The Nigerian Red Cross Society (NRCS) on Monday in Abuja inaugurated the Africa Zero Hunger Initiative, aimed at strengthening nutrition efforts and supporting vulnerable Nigerians facing food insecurity and malnutrition nationwide.
Laylah Outhman, NRCS Malnutrition Ambassador, stated in her keynote that recent reports indicate about 25 million Nigerians experience food insecurity annually, with children under five particularly vulnerable to stunting and wasting.
Represented by Mrs. Gbubemi Uba, NRCS General Manager, Fundraising and Resource Mobilization, Outhman said malnutrition is not merely a health issue but a developmental crisis affecting education, productivity, and national economic growth.
She explained that the initiative is both symbolic and practical, designed to ensure every Nigerian child receives at least one nutritious meal daily while promoting community-driven, low-cost, sustainable interventions to combat hunger.
“Nigeria is blessed with fertile land, abundant resources, and resilient people, yet millions, especially children and mothers, continue to suffer from hunger and malnutrition. This initiative seeks to address this challenge immediately,” she said.
The ambassador highlighted that NRCS previously inaugurated mothers’ and papas’ clubs to teach families nutrition skills, noting that empowering mothers strengthens households and, consequently, contributes to national stability and development.
Outhman urged government agencies to integrate the mothers’ club model into national nutrition policies and encouraged private-sector investment in food fortification, school feeding programmes, and community nutrition interventions across Nigeria.
She also called on donors, partners, and media organizations to support and scale the NRCS model, amplify success stories, and recognize that ending hunger requires collective responsibility from all Nigerians.
Mrs. Gloria Kunyenga, Programme Coordinator, International Federation of the Red Cross (IFRC), commended NRCS for launching the zero hunger campaign, emphasizing collaboration as essential to reaching malnourished communities across Nigeria and Africa.
Kunyenga highlighted that more than 282 million people in Africa are undernourished, calling for climate-smart, community-driven solutions, strengthened partnerships, and government support to address malnutrition and its socioeconomic impacts at the source.
Dr.

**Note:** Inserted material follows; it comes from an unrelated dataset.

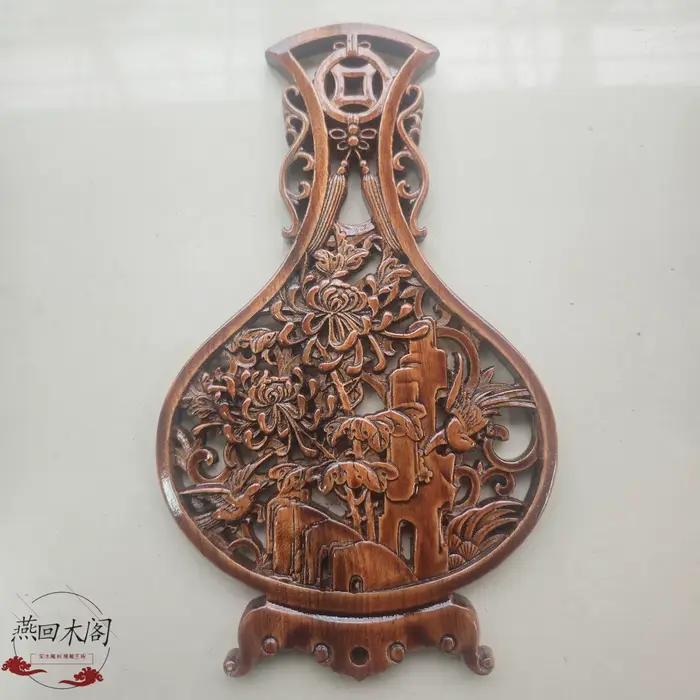 Décoration murale artisanale traditionnelle en bois de camphre sculpté motif fleurs oiseaux pruniers orchidées bambou pour la maison occasions spéciales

Abubakar Kende, Secretary-General of NRCS, explained that the programme addresses the cyclical nature of shocks and crises through early action, long-term development, rehabilitation of water points, livelihood recovery, and nutrition-sensitive, climate-smart agricultural practices.
Kende added that integrating anticipatory and shock-responsive social protection mechanisms ensures communities are prepared for climate and socioeconomic shocks, safeguarding sustainable livelihoods and building resilience against hunger and malnutrition nationwide.
The inauguration attracted several partners, including the British Red Cross (BRC), reinforcing multi-stakeholder collaboration to achieve the initiative’s goal of ending hunger in Nigeria.